▶ MATERIAL PROVIDED
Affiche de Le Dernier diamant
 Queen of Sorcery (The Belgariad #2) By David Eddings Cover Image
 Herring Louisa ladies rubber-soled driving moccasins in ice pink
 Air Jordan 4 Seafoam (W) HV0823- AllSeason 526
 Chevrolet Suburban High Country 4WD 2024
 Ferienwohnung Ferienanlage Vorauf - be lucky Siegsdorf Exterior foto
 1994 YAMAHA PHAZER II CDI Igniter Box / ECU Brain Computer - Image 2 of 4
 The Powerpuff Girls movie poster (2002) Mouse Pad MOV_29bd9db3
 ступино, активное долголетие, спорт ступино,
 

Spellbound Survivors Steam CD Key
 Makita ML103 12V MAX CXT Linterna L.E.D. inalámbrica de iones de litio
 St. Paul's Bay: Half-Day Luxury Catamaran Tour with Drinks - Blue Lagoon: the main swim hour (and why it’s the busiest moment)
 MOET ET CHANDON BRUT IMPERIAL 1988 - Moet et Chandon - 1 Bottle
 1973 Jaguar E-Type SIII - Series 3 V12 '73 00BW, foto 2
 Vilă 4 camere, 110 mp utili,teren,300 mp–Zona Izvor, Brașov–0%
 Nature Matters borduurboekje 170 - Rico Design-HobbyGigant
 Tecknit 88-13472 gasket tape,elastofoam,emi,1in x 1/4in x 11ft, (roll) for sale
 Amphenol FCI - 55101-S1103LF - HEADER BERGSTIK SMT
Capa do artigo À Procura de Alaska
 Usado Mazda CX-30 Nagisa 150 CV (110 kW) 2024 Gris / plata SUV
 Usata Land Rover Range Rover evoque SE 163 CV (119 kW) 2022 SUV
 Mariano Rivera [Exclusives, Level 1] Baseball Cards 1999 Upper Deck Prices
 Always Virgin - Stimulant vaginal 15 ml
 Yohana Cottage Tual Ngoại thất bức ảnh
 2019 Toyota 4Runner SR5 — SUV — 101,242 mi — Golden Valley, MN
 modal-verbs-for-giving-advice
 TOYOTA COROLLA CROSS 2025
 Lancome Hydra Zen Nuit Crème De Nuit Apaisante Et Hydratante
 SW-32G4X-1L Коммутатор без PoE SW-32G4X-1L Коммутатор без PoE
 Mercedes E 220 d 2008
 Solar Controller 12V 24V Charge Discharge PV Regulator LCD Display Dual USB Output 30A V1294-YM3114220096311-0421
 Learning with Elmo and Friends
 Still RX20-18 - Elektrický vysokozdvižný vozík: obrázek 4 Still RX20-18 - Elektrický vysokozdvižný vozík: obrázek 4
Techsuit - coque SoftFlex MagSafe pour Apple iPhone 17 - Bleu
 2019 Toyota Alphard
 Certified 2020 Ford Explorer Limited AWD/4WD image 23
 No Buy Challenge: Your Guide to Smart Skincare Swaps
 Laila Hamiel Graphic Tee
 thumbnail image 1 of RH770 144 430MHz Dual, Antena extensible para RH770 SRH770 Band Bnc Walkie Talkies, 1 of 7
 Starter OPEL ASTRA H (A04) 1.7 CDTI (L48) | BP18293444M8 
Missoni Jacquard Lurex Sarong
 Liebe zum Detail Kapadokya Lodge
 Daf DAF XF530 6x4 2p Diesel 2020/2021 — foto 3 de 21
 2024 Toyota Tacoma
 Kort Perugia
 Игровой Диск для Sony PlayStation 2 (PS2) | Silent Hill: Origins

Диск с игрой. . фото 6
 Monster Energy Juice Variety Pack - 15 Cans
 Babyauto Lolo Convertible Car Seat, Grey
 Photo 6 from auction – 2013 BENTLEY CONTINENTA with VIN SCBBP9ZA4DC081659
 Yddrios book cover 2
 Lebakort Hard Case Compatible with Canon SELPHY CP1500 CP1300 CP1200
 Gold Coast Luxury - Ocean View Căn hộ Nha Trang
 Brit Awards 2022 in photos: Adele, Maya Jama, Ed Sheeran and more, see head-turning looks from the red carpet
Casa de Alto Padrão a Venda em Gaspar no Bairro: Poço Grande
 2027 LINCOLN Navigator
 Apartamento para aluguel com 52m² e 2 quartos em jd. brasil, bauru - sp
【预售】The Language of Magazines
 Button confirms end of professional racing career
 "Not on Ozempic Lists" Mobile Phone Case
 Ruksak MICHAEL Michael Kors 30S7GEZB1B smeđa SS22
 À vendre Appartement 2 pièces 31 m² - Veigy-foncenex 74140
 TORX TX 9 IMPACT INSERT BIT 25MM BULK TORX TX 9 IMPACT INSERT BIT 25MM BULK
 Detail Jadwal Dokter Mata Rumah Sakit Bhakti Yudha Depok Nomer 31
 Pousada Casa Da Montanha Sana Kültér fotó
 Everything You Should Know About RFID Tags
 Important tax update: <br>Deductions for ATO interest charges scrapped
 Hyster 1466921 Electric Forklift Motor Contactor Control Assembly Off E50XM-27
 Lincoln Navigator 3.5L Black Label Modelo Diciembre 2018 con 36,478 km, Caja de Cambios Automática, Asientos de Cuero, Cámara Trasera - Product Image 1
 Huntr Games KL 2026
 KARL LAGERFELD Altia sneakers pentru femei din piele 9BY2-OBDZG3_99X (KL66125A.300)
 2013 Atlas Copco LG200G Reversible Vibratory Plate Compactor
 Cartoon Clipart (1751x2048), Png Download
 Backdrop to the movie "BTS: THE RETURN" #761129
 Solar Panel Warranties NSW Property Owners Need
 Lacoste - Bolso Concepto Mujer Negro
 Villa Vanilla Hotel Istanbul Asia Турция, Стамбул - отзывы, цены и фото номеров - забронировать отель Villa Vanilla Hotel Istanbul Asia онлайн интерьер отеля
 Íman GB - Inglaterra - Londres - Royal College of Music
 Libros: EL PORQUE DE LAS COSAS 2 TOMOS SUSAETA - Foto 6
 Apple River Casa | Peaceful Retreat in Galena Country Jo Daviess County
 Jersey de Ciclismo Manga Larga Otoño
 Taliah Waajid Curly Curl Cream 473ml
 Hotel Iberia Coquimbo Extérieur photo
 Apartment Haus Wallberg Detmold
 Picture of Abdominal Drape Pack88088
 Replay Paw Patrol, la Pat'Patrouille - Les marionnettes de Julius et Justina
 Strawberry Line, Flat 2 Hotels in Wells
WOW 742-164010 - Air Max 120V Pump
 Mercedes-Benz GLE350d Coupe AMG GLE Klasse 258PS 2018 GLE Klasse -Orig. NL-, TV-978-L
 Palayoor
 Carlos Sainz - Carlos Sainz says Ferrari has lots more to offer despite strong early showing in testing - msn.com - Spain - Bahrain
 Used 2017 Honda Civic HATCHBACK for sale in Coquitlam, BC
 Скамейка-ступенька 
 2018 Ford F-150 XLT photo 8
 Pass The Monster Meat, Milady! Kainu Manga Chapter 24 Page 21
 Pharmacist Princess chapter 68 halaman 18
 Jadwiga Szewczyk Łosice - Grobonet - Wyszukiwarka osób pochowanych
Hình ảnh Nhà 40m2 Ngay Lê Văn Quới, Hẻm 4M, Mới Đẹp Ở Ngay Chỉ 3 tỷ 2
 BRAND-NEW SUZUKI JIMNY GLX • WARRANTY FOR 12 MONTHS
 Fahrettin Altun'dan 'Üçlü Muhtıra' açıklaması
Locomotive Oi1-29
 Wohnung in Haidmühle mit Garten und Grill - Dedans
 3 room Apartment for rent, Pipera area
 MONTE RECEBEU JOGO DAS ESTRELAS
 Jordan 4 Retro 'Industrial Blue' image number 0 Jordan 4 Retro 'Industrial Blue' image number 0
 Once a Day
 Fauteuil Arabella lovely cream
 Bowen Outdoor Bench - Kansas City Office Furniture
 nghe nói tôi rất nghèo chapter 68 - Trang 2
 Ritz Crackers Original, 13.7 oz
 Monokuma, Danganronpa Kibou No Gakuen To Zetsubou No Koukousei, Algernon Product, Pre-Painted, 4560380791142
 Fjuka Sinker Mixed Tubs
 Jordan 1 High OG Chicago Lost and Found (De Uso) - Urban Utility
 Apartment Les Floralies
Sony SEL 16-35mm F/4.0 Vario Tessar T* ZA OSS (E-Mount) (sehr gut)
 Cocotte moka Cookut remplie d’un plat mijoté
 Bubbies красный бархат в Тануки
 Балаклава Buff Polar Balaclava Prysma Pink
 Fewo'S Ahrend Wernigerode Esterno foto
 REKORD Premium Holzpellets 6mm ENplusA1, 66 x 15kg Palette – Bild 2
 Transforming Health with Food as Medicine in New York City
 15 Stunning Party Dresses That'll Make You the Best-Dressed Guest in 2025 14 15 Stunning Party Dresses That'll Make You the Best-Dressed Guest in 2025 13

▶ PROBLEM REQUIREMENTS
In the listing above, which lines include the string "movie"? Return every one of them.

▶ ANSWER TO THIS PROBLEM
 The Powerpuff Girls movie poster (2002) Mouse Pad MOV_29bd9db3
 Backdrop to the movie "BTS: THE RETURN" #761129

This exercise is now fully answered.